Matrix auto redact bot
What?
Subject pretty much says it. Get rid of Matrix messages in a specified rooms after a specified time has passed since the posting.
Why?
Matrix doesn't have any data retention policy, all messages are kept indefinitely by default. To fix this, I created Matrix auto redact bot. Which redacts (deletes) messages from the room after N days.
Also got bored on Friday evening so I wanted to develop do something where I could learn a bit more about Matrix.
How?
Linux (RedHat, not Ubuntu / Debian / Alpine this time)
Python
PostgreSQL
Operation - Usage instructions
Create a room
Invite auto_redact_bot
Bot joins the room automatically after a small delay
!marb 7
Then it deletes (redacts in Matrix terms) all messages older than the specified N days defined by the user and keeps doing this until it's stopped, but either kicking the bot out or giving !marb stop command.
Matrix API
The features used by the integration
login
sync
join
context
redact
read_markers
leave
forget
Does not use PUSH gateway, because the task isn't latency sensitive.
Optimizations
The oldest event timestamp is kept in local database, if it's not expired, it's pointless to check if there's anything to redact.

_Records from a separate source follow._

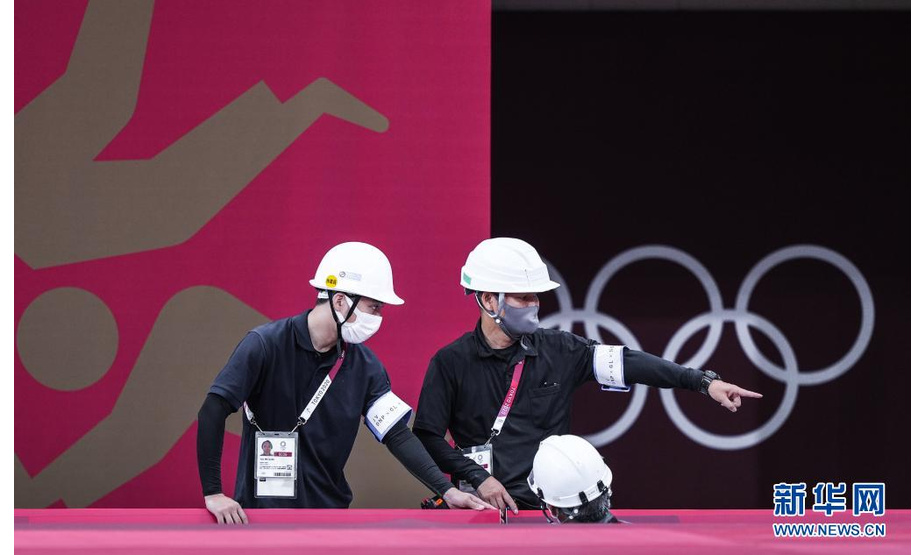 7月21日，日本武道馆内的奥运会工作人员在为开赛做最后的准备工作。

　　东京奥运会开赛在即，各项目比赛场馆准备工作有序进行。

　　新华社记者 刘大伟 摄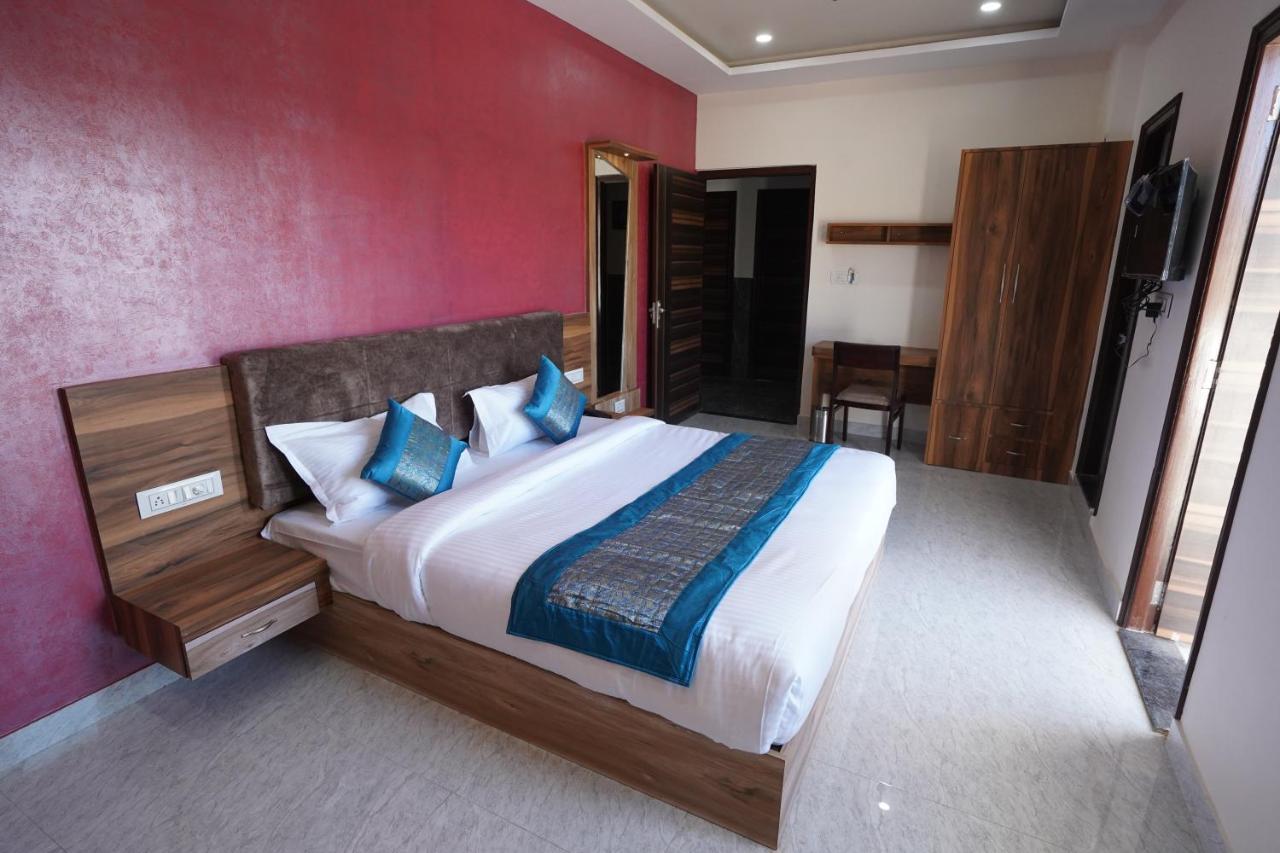 Hotel Paramount
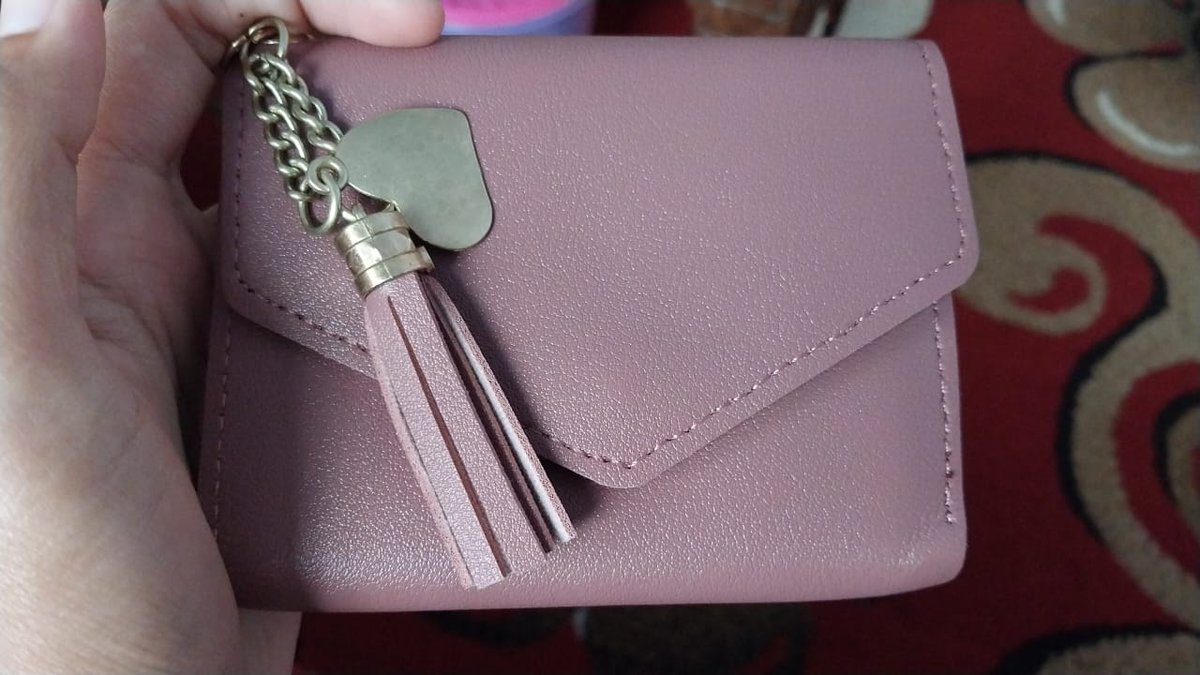 DalgiBora's tweet photo. Iseng beli dompet mini murah, ternyata lumayan bagus wehehe. Muat jg masuk tas kecil🫠

Dompet wanita murah https://t.co/iD3iNYgqWP https://t.co/ohXbzIZebK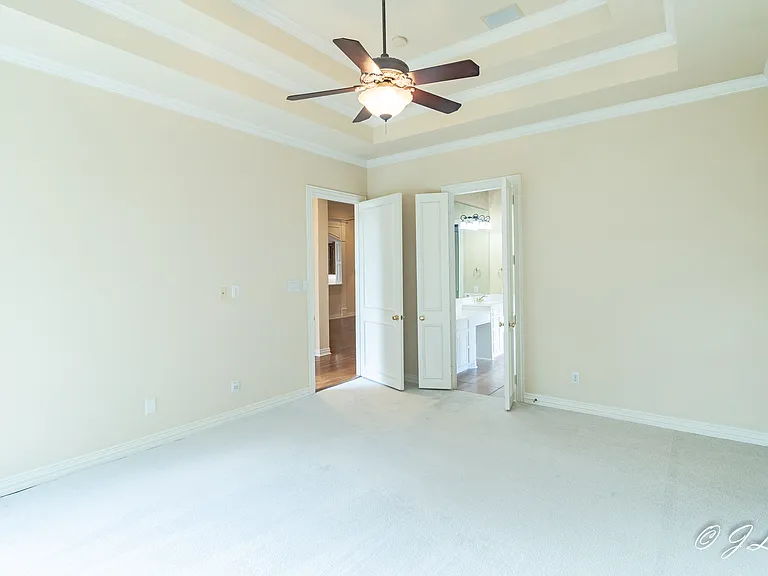 1053 Sir Lancelot Cir — Photo 14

The newest event is checked (from sync), if there's nothing new in the room it's also pointless to fetch the detailed room information.

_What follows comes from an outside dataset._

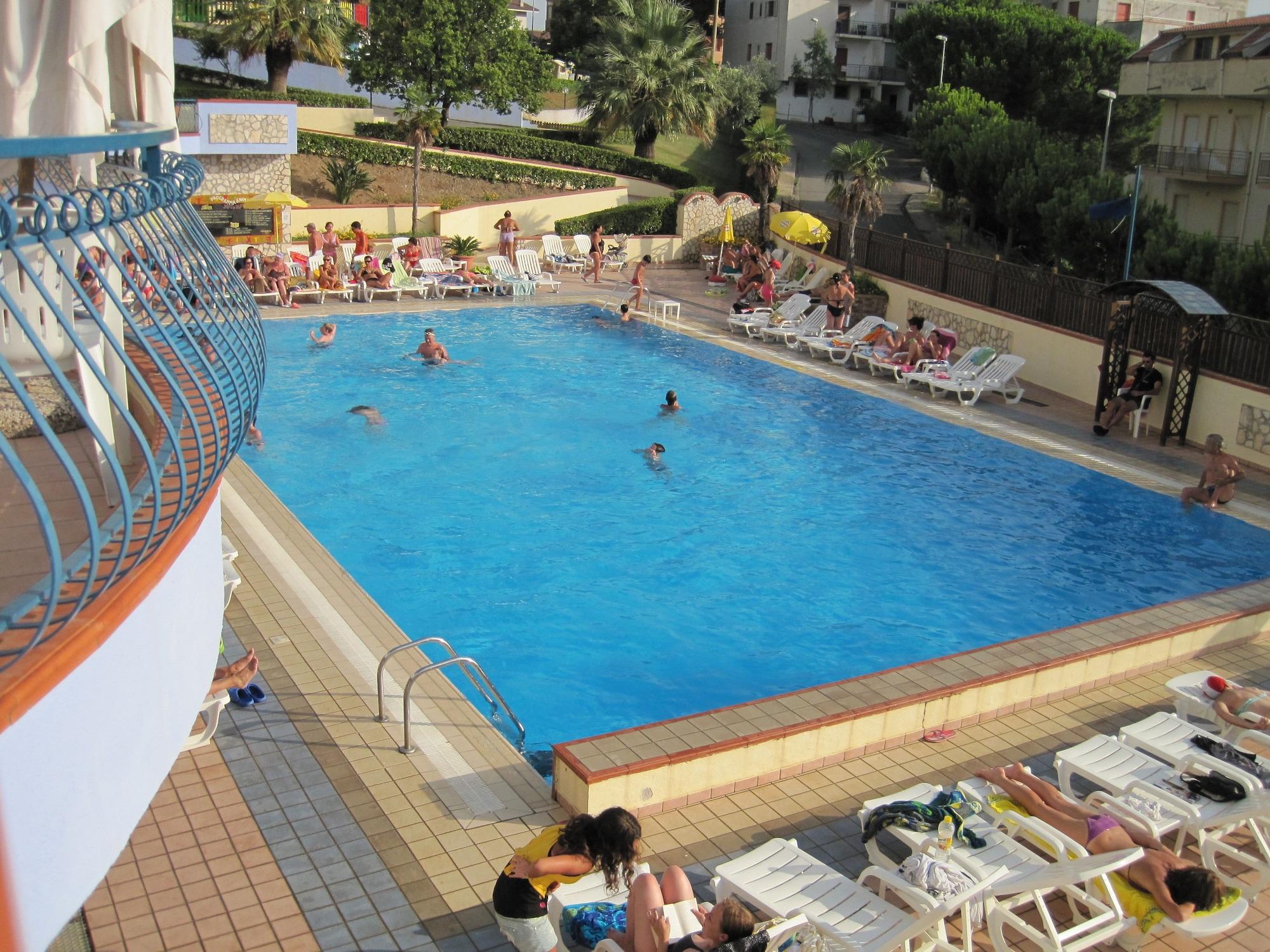 Vista Piscina Panorama Residence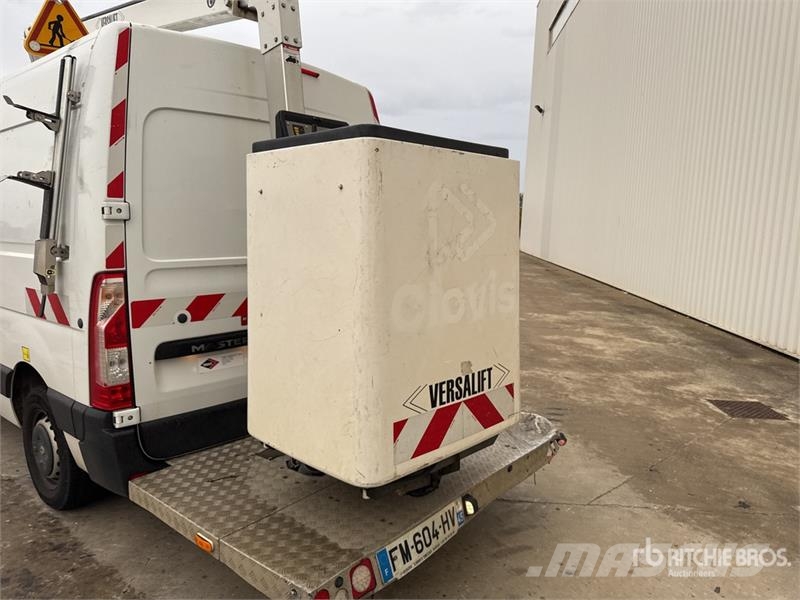 VERSALIFT ETL 32 125 10.5 m on Renault Trucks Master Camion  Truck mounted platforms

If room has been inactive (idle, stale) for more than 30 days ,the bot will automatically leave the room. This will also happen immediately, if the bot is left in the room alone.
Other remarks
Encrypted rooms are supported, bot doesn't require encryption keys
Bot only stores / processes event_id's and room_id's + origin_server_ts (timestamps)

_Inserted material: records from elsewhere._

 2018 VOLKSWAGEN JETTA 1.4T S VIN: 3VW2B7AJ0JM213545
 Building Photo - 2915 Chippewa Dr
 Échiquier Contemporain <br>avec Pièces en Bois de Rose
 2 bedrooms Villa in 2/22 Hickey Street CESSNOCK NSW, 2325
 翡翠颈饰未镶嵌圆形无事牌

Database contains only room id, event id and oldest timestamp
No other than exception logging, even then the only logged infor is room_id and event_id
Currently deletion is rate limited to 400 messages / room / hour
Bot talks to matrix-client.matrix.org server, service is behind wireguard and server doesn't reply to any scans / requests other than valid wireguard packets.
Server runs in Oracle Cloud @ Frankfurt / RedHat.
Other reasons
The Element UI doesn't make it easy to mass delete messages, requiring multiple "accurate" clicks to delete messages. It's much easier to automate it.
Tech reference
Keywords:
Matrix, chat, Element, data retention, lifetime, security, expiry, privacy, enhancing tools, bots, manual, documentation, ttl_bot, time to live, Matrix Auto Redact Bot (MARB)
2021-03-07